### Description of the task
Take the data below and extract the lines from the one with "ネイル ハンドネイル DIAMOND 💦のネイルデザイン" to the one with "3 Bedroom Semi", inclusive, exactly as written.

### Material provided
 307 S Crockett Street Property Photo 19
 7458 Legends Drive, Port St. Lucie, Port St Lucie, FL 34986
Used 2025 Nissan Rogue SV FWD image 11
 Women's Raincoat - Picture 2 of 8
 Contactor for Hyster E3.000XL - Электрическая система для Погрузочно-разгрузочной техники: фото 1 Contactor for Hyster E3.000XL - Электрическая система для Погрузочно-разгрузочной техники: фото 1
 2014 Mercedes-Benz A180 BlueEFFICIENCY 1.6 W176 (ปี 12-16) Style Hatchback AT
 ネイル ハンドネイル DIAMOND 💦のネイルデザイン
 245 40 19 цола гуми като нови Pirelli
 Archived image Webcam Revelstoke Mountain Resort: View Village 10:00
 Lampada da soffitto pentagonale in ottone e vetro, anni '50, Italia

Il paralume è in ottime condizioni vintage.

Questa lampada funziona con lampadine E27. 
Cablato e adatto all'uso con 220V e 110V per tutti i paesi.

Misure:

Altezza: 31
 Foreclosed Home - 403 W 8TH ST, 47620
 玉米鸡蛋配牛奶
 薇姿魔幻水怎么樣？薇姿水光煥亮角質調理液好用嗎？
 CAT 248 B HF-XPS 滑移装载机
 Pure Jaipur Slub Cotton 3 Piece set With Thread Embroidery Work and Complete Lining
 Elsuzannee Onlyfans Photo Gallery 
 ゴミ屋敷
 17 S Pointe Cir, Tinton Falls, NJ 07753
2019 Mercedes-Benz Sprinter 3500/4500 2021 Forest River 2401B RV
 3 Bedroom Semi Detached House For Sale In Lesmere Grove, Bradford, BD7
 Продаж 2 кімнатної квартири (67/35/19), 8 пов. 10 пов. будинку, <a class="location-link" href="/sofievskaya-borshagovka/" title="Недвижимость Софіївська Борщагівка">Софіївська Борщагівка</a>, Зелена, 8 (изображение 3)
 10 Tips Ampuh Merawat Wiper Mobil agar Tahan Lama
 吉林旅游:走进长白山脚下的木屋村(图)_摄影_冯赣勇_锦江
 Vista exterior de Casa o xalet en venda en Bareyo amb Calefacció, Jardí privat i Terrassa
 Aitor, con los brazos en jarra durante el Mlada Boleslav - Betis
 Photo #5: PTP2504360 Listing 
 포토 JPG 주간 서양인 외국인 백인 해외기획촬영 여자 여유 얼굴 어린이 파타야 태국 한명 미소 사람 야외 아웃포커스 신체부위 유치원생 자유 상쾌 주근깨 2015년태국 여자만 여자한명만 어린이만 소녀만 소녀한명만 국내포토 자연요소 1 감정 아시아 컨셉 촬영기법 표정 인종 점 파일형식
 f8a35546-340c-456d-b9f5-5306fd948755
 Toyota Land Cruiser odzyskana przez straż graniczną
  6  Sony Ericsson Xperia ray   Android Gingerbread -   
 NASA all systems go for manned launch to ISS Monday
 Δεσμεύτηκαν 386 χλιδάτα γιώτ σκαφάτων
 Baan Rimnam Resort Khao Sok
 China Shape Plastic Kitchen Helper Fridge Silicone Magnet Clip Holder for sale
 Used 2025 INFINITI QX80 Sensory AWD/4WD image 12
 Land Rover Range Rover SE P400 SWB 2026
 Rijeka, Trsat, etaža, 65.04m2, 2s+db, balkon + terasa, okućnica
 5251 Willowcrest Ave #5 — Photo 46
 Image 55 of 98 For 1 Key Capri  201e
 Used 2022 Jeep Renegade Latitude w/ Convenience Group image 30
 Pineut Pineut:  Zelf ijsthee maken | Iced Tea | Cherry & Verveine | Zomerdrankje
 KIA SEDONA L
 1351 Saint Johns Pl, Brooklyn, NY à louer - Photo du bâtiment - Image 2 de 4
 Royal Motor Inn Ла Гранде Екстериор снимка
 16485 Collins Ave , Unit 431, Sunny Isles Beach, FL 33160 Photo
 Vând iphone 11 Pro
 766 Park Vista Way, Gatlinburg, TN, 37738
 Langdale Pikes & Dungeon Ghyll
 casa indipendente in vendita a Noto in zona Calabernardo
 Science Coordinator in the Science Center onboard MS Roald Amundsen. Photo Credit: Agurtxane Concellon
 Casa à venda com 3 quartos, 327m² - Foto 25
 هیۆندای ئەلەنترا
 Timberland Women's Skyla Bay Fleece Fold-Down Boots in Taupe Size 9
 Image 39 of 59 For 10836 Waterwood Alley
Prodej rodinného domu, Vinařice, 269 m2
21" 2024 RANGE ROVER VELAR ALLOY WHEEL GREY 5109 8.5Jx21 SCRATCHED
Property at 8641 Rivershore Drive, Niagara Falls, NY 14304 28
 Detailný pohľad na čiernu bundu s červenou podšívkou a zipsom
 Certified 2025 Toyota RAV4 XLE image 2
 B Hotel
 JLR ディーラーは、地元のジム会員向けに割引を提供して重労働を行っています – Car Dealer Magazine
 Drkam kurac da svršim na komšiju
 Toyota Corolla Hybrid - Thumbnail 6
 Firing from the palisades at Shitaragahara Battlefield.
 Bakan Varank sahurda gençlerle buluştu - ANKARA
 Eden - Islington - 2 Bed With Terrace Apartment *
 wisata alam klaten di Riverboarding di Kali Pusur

### Solved exercise
 ネイル ハンドネイル DIAMOND 💦のネイルデザイン
 245 40 19 цола гуми като нови Pirelli
 Archived image Webcam Revelstoke Mountain Resort: View Village 10:00
 Lampada da soffitto pentagonale in ottone e vetro, anni '50, Italia

Il paralume è in ottime condizioni vintage.

Questa lampada funziona con lampadine E27. 
Cablato e adatto all'uso con 220V e 110V per tutti i paesi.

Misure:

Altezza: 31
 Foreclosed Home - 403 W 8TH ST, 47620
 玉米鸡蛋配牛奶
 薇姿魔幻水怎么樣？薇姿水光煥亮角質調理液好用嗎？
 CAT 248 B HF-XPS 滑移装载机
 Pure Jaipur Slub Cotton 3 Piece set With Thread Embroidery Work and Complete Lining
 Elsuzannee Onlyfans Photo Gallery 
 ゴミ屋敷
 17 S Pointe Cir, Tinton Falls, NJ 07753
2019 Mercedes-Benz Sprinter 3500/4500 2021 Forest River 2401B RV
 3 Bedroom Semi Detached House For Sale In Lesmere Grove, Bradford, BD7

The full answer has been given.